3. Dilute the impact of price
This means offering consumers value that they cannot get from the savings that they might make from the price.
Any online shopper can find the best price by searching across channels. And it is absolutely normal for a buyer to heavily research a product on one site (usually the one with the best content and ‘discovery’ experience) only to make the purchase where the best price can be found. Stopping them from doing this is the trick that direct-to-consumer brands must master. It’s to the chagrin of many brands today that while 34% of online consumers said they used branded sites for product inspiration last year, that figure has now dropped to 18%. Our Future Shopper 2020 study also confirmed that Amazon is the main beneficiary.
We have discussed how exclusivity in products and content gives customers a reason to visit D2C sites beyond simple product search, and hopefully make a purchase. But what approaches have the biggest direct impact on negating the obvious attractions of lower prices? Loyalty programmes are one very promising area. In fact, our Ready or Not? research into digital commerce leaders in the UK and US, showed loyalty programmes were the number one area where brands felt they could compete with the likes of Amazon. Nike is a standout example, offering a wealth of attractive training and lifestyle rewards with membership, including the Nike App, Nike Run & Training Clubs, as well as early access to new products and other exclusives.
Another approach is for a brand to demonstrate its purpose and what it stands for. While the drive for the cheapest price can attract certain customers, we increasingly see consumers seeking information about the ethics and sustainability of companies and products. For Generation Z (6-16 year olds), 66% want to buy products from companies that are trying to do good in the world. The figure for active consumers (16+) is also high, with 71% of online shoppers saying they wish retailers and brands offered better environmental practices such as less packaging. More than half (55%) said that they considered a company’s ethics and morals when making purchasing decisions.
Unilever anticipated this trend a decade ago, launching its Sustainable Living brands plan in 2010. And, notably, the 26 associated brands (including Dove, Lipton and Hellman’s) have grown 46% faster than the rest of its business.

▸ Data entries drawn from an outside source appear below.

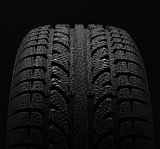 Tire with water drops over black background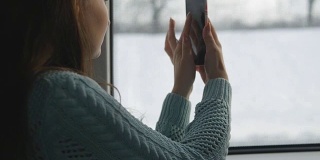 小女孩在火车上旅行，用手机拍下窗外的风景。美女用智能手机拍照。近距离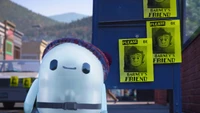 Un personnage animé fantaisiste portant un bonnet en tricot se tient à côté d'affiches cherchant de l'amitié pour Barney, dans une ville colorée.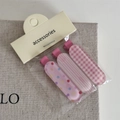 Detail of three pink patterned hair clips featuring rainbow dots, stripes, and checks - Bobby Pin / Pink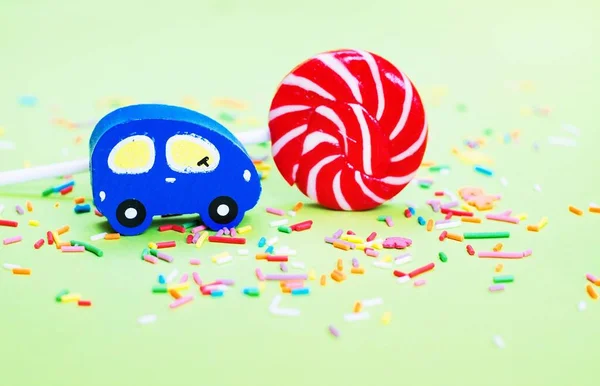 Toy Wooden Blue Car Lolipop Confetti Green Backgroun Sweet Chilhood — Stock Photo, Image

Clearly, Unilever is delivering on its sustainability promises and having a positive impact with consumers at the same time.
Experience as a core proposition
The key point is that some consumers will overlook cheaper options elsewhere for the right kind of exclusivity, for example, if they feel like they are a valued member of a club or community, or if their purchase aligns with their values. To avoid being dragged into discounting battles that brands are usually doomed to lose, it is therefore important to make the experience a core part of the proposition, so price isn’t the only factor customers weigh up when it comes to buying direct from you.
Making every experience shoppable is the new retail holy grail. Brands and retailers need to deliver richer narratives that seamlessly weave content with commerce functionality throughout the user journey. Today’s leading ecommerce technology solutions allow businesses to do this too. If you’re able to join up and mine the shopper data across your organisation, and have the people, processes and tech in place to make it happen, you’re in a strong position to deliver experience-inspired retail fit for today’s shoppers.